• **WHAT YOU ARE ASKED TO DO**
Pictures stay out of the copy. Retype exactly the lines below from the one with "通用股份最新消息,通用股份最新消息全面解析" through the one with "TMA MACD Indicator, Market".

• **RECORDS FOR PROCESSING**
■ ■ ■

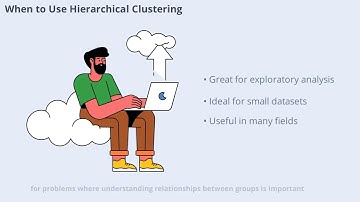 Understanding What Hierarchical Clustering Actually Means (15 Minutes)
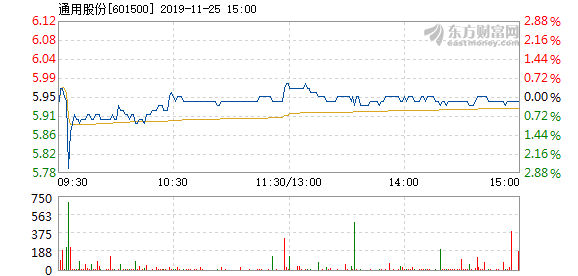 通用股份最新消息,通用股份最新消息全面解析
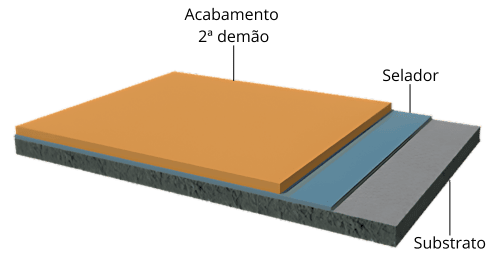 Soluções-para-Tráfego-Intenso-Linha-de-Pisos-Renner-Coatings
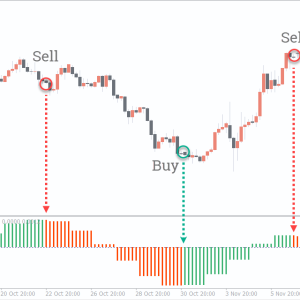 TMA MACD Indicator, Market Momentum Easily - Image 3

■ ■ ■

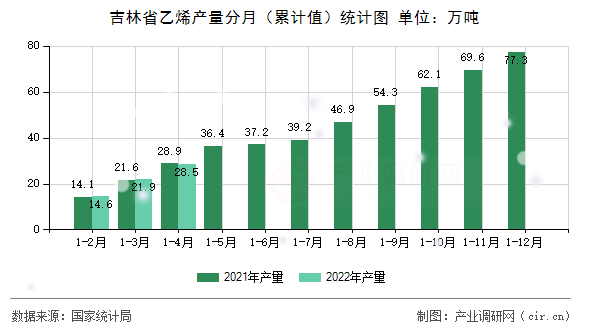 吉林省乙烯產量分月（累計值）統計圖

■ ■ ■

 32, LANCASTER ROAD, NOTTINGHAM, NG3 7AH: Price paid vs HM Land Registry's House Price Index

■ ■ ■

• **FINAL ANSWER**
 通用股份最新消息,通用股份最新消息全面解析
 Soluções-para-Tráfego-Intenso-Linha-de-Pisos-Renner-Coatings
 TMA MACD Indicator, Market Momentum Easily - Image 3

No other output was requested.